Wednesday, March 5, 2014

What kind of language does Marlow use to narrate Heart of Darkness and what does it reveal about him?

The story has three layers:  the author, the narrator, and Marlow, who had the original experience. The voice of Marlow might conflate with that of the narrator, but the author should not be considered the same as they. He adds to the symbolic meaning and crafts the overall themes, although the word choice comes from the narrator / Marlow. The sentence structure also characterizes the narrator and/or Marlow, which is evocative and rhythmic. These sentences in Part I provide an example of imagery and structure and, by means of them, voice: “They were not enemies, they were not criminals, they were nothing earthly now -- nothing but black shadows of disease and starvation, lying confusedly in the greenish gloom.
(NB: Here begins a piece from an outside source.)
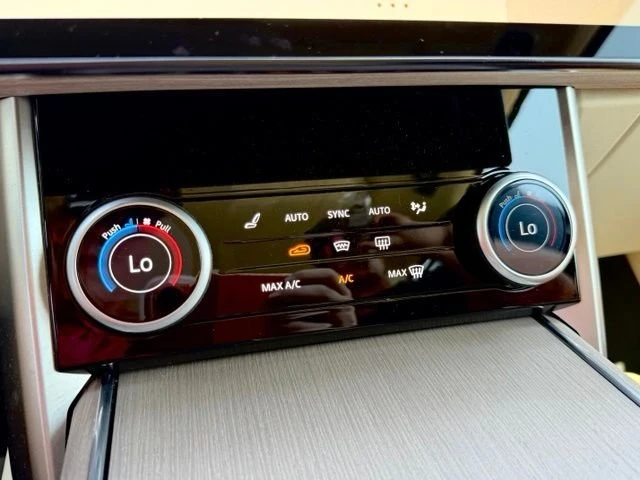 2023 Land Rover Range Rover L460 - Image 10 of 12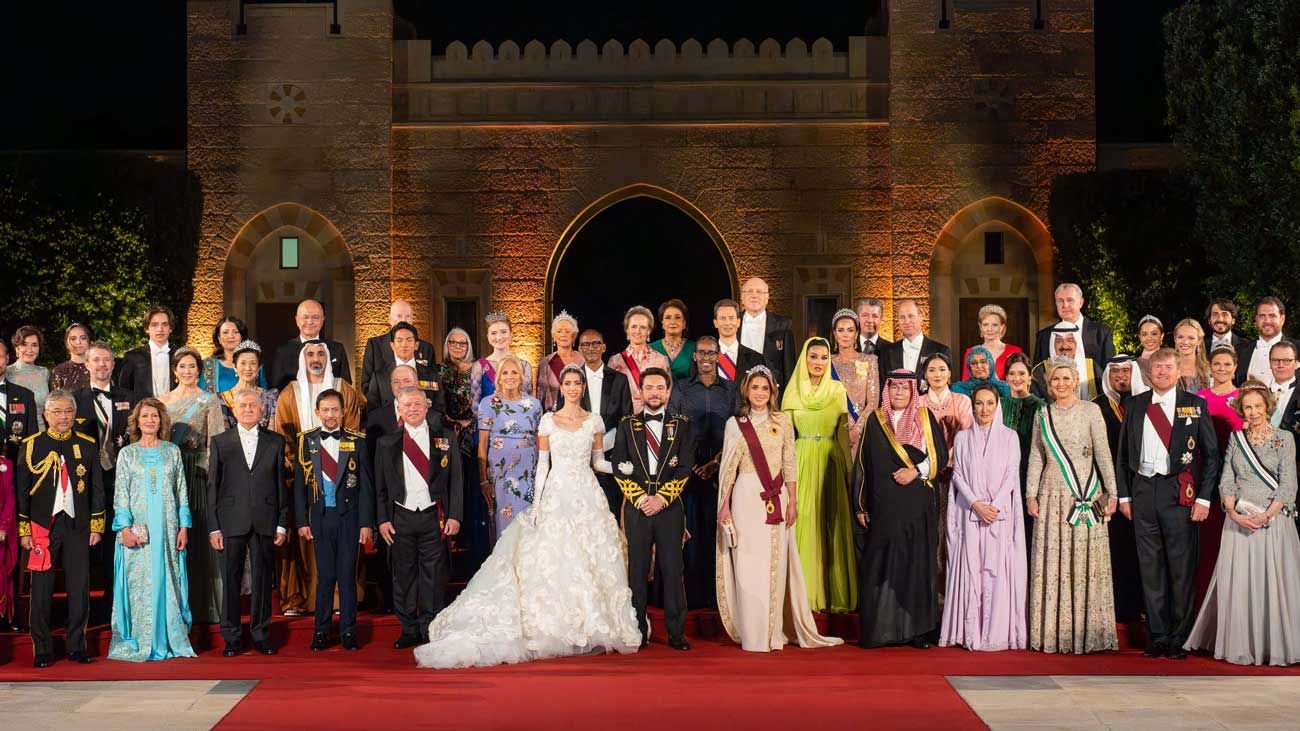 61 rois, reines, princes, princesses et présidents réunis sur une seule photo de groupe au mariage du prince héritier Hussein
Brought from all the recesses of the coast in all the legality of time contracts, lost in uncongenial surroundings, fed on unfamiliar food, they sickened, became inefficient, and were then allowed to crawl away and rest.” The “they” are the natives, and the details of “black shadows” and “greenish gloom” create mood as well as tone. The parallelism that concludes with “crawl away and rest,” where the language builds to a climax in the final words indicates a person gifted in story telling. This voice is attentive to detail and gives meaning to what he describes through the imagery he uses to describe it.